Anterior Circulation

  • Blood supply via internal carotid system
  • Includes ACA and MCA

Internal Carotid Artery

  • Tonic gaze deviation towards lesion
  • Global aphasia, dysgraphia, dyslexia, dyscalculia, disorientation (dominant lesion)
  • Spatial or visual neglect (non-dominant lesion)

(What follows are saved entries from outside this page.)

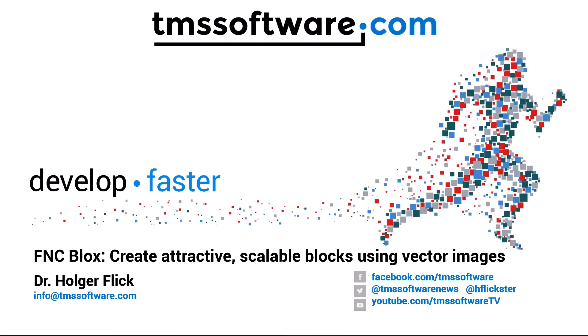TMS FNC blocks now allows you to create attractive scalable blocks using vector images. As vector images, the primary format is going to be SVG, an open format that resembles XML and is very popular on the internet. So it will be very easy to get vector images that you can use in your diagrams.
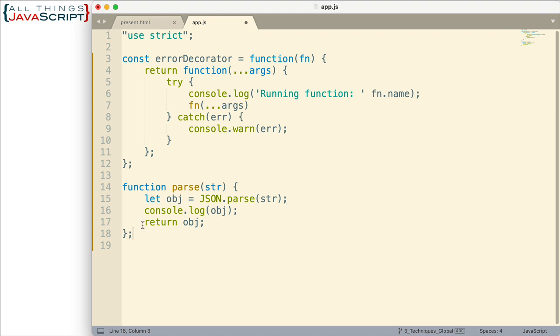However, we're using it in a new application where sometimes we receive the JSON, sometimes we don't. And we're not always certain about that. So we could modify this function or we could just use a decorator to enhance it. And so that's what we're going to do here.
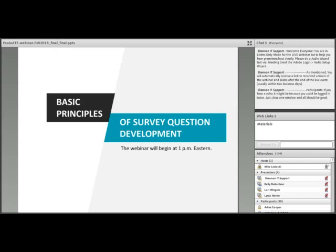Good day, everyone. My name is Mike Lisecki. I'm your host for today's webinar, and welcome to Basic Principles of Survey Question Development. Thanks for joining us today.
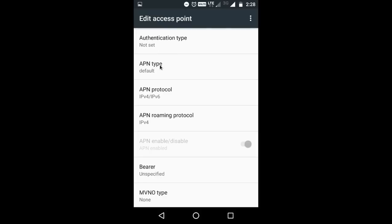APN Type: Default. APN protocol: IPv4 or IPv6. APN roaming protocol: IPv4.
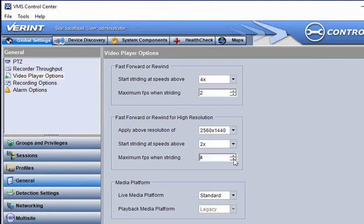The Verint VMS Administrator Guide shows different scenarios for setting video player options.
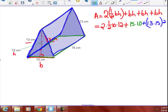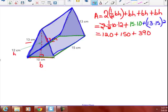Two halves make a whole: 10 by 12 is 120. 15 by 10 is 150. And 13 by 15 is 195; doubled, that's 390. So, 120 plus 150 plus 390 gives you 660. My label is centimeters squared — 660 square centimeters — for this isosceles triangular prism.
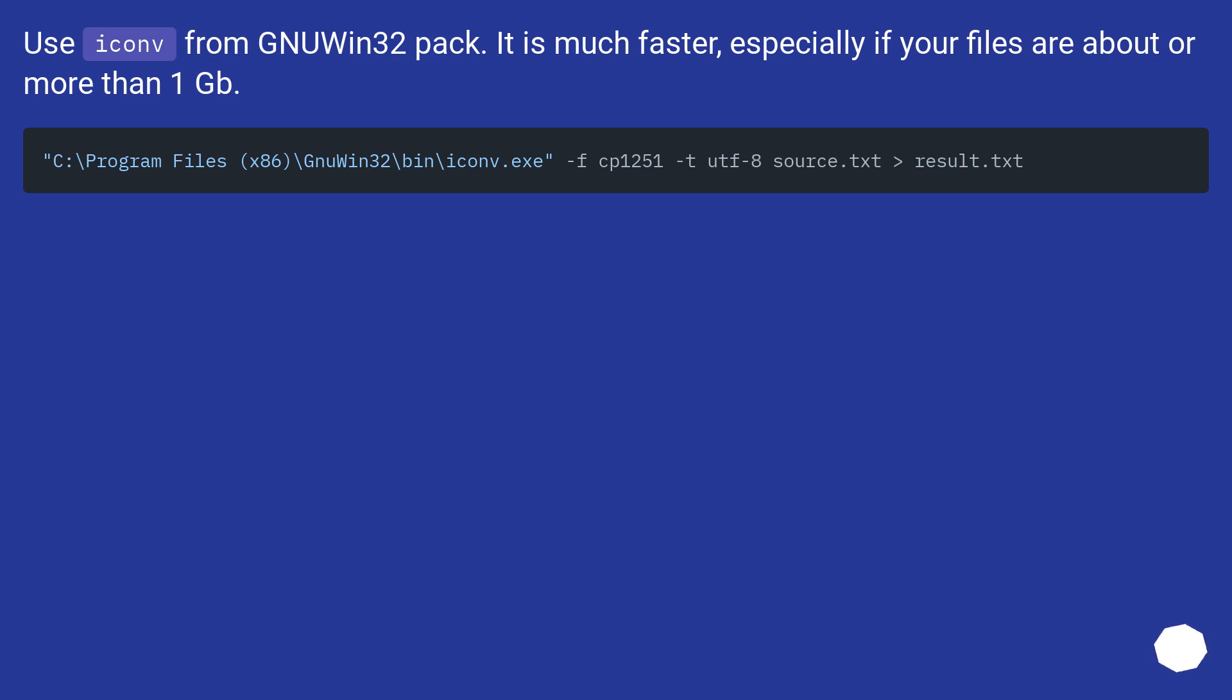Use Icon from NuWin32 Pack. It is much faster, especially if your files are about more than 1 GB.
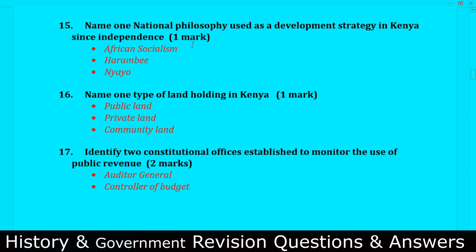Question number fifteen: Name one national philosophy used as a development strategy in Kenya since independence. Number one is African Socialism. Number two is the Harambee philosophy. Number three is the Nyayo philosophy. These are the only three philosophies that Kenya has ever implemented.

Anterior Cerebral Artery (ACA)

Signs and Symptoms:

  • Contralateral sensory and motor symptoms in the lower extremity (sparing hands/face)
  • Urinary incontinence
  • Left sided lesion: akinetic mutism, transcortical motor aphasia
  • Right sided lesion: Confusion, motor hemineglect

Middle Cerebral Artery (MCA)

Signs and Symptoms:

  • Hemiparesis, facial plegia, sensory loss contralateral to affected cortex
  • Motor deficits found more commonly in face and upper extremity than lower extremity
  • Dominant hemisphere involved: aphasia
  • Nondominant hemisphere involved: dysarthria w/o aphasia, inattention and neglect side opposite to infarct
  • Contralateral homonymous hemianopsia
  • Gaze preference toward side of infarct

Posterior circulation

Signs and Symptoms:

  • Crossed neuro deficits (i.e., ipsilateral CN deficits w/ contralateral motor weakness)
  • Multiple, simultaneous complaints are the rule
  • 5 Ds: Dizziness (Vertigo), Dysarthria, Dystaxia, Diplopia, Dysphagia
  • Isolated events are not attributable to vertebral occlusive disease (e.g. isolated lightheadedness, vertigo, transient ALOC, drop attacks)

Basilar artery

Signs and Symptoms:

  • Quadriplegia, coma, locked-in syndrome
  • Sparing of vertical eye movements (CN III exits brainstem just above lesion)
    • Thus, may also have miosis b/l
  • One and a half syndrome (seen in a variety of brainstem infarctions)
    • "Half" - INO (internuclear opthalmoplegia) in one direction
    • "One" - inability for conjugate gaze in other direction
    • Convergence and vertical EOM intact
  • Medial inferior pontine syndrome (paramedian basilar artery branch)
    • Ipsilateral conjugate gaze towards lesion (PPRF), nystagmus (CN VIII), ataxia, diplopia on lateral gaze (CN VI)
    • Contralateral face/arm/leg paralysis and decreased proprioception
  • Medial midpontine syndrome (paramedian midbasilar artery branch)
    • Ipsilateral ataxia
    • Contralateral face/arm/leg paralysis and decreased proprioception
  • Medial superior pontine syndrome (paramedian upper basilar artery branches)
    • Ipsilateral ataxia, INO, myoclonus of pharynx/vocal cords/face
    • Contralateral face/arm/leg paralysis and decreased proprioception

Superior Cerebellar Artery (SCA)

  • ~2% of all cerebral infarctions[1]
  • May present with nonspecific symptoms - N/V, dizziness, ataxia, nystagmus (more commonly horizontal)[2]
  • Lateral superior pontine syndrome
    • Ipsilateral ataxia, n/v, nystagmus, Horner's syndrome, conjugate gaze paresis
    • Contralateral loss of pain/temperature in face/extremities/trunk, and loss of proprioception/vibration in LE > UE

Posterior Cerebral Artery (PCA)

Signs and Symptoms:

  • Common after CPR, as occiptal cortex is a watershed area
  • Unilateral headache (most common presenting complaint)
  • Visual field defects (contralateral homonymous hemianopsia, unilateral blindness)
  • Visual agnosia - can't recognize objects
  • Possible macular sparing if MCA unaffected
  • Motor function is typically minimally affected
  • Lateral midbrain syndrome (penetrating arteries from PCA)
    • Ipsilateral CN III - eye down and out, pupil dilated
    • Contralateral hemiataxia, tremor, hyperkinesis (red nucleus)
  • Medial midbrain syndrome (upper basilar and proximal PCA)
    • Ipsilateral CN III - eye down and out, pupil dilated
    • Contralateral paralysis of face, arm, leg (corticospinal)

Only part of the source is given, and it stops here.